The through hole 121a is the portion through which the pivot shaft 111 is inserted. The through hole 121a is formed to penetrate the main body portion 121 from left to right.

The protrusion 121b is a portion that comes into contact with the regulating pin 150, which will be described later. The protrusion 121b is formed so that the outer edge of the main body 121 protrudes outward (more specifically, radially outward from the through hole 121a in side view). Two protrusions 121b are formed at the front lower end of the main body 121. The two protrusions 121b are formed at positions spaced a predetermined distance from each other along the circumferential direction from the through hole 121a.

The connecting portion 121c is a portion that is connected to the wire 130 described below. The connecting portion 121c is formed so that the outer edge of the main body portion 121 protrudes outward (more specifically, radially outward from the through hole 121a in a side view). The connecting portion 121c is formed so that it protrudes substantially rearward from the front lower end portion of the main body portion 121. A connecting pin 121d that is connected to the wire 130 is provided on the connecting portion 121c.

The grip 122 is the part that the operator holds when operating the accelerator lever 120. The grip 122 is formed of a resin material such as rubber.

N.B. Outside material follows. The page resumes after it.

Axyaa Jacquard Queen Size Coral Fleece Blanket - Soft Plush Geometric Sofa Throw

The grip 122 is provided at the tip (upper rear end) of the main body 121.

The accelerator lever 120 configured in this manner is provided on the lever stay 110 so as to be rotatable. Specifically, the pivot shaft 111 of the lever stay 110 is inserted into the through hole 121a of the accelerator lever 120, and a nut 123 is fastened to the tip of the pivot shaft 111. At this time, washers, elastic members, etc. are appropriately provided between the accelerator lever 120 and the lever stay 110 and nut 123. In this manner, the accelerator lever 120 is supported on the pivot shaft 111 (lever stay 110) so as to be rotatable by a predetermined operating force.

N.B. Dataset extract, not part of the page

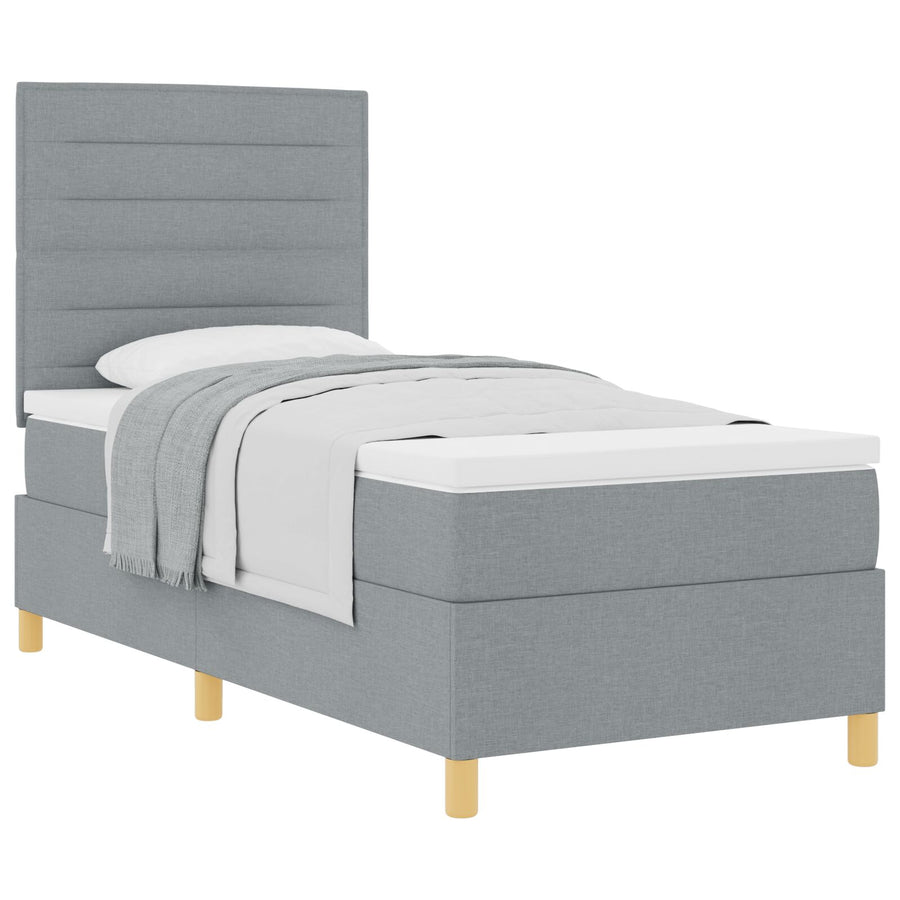 Boxspring Bed Met Matras Lichtgrijs 100X200 Cm Stof Blauw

The wire 130 operates the throttle lever (not shown) of the engine 3 in conjunction with the operation of the accelerator lever 120. One end of the wire 130 is connected to the connecting pin 121d of the accelerator lever 120. The other end of the wire 130 is connected to the throttle lever (not shown) of the engine 3.

The detachable stay 140 is detachably attached to the lever stay 110 and can support other members. The detachable stay 140 is formed from a plate-shaped member. The detachable stay 140 is formed into a roughly L-shape in a plan view by bending the plate-shaped member. Specifically, the detachable stay 140 is formed with a first plate portion 140a formed so that the plate surface faces in the left-right direction, and a second plate portion 140b formed so that it extends to the right from the rear end of the first plate portion 140a (so that the plate surface faces roughly in the front-rear direction).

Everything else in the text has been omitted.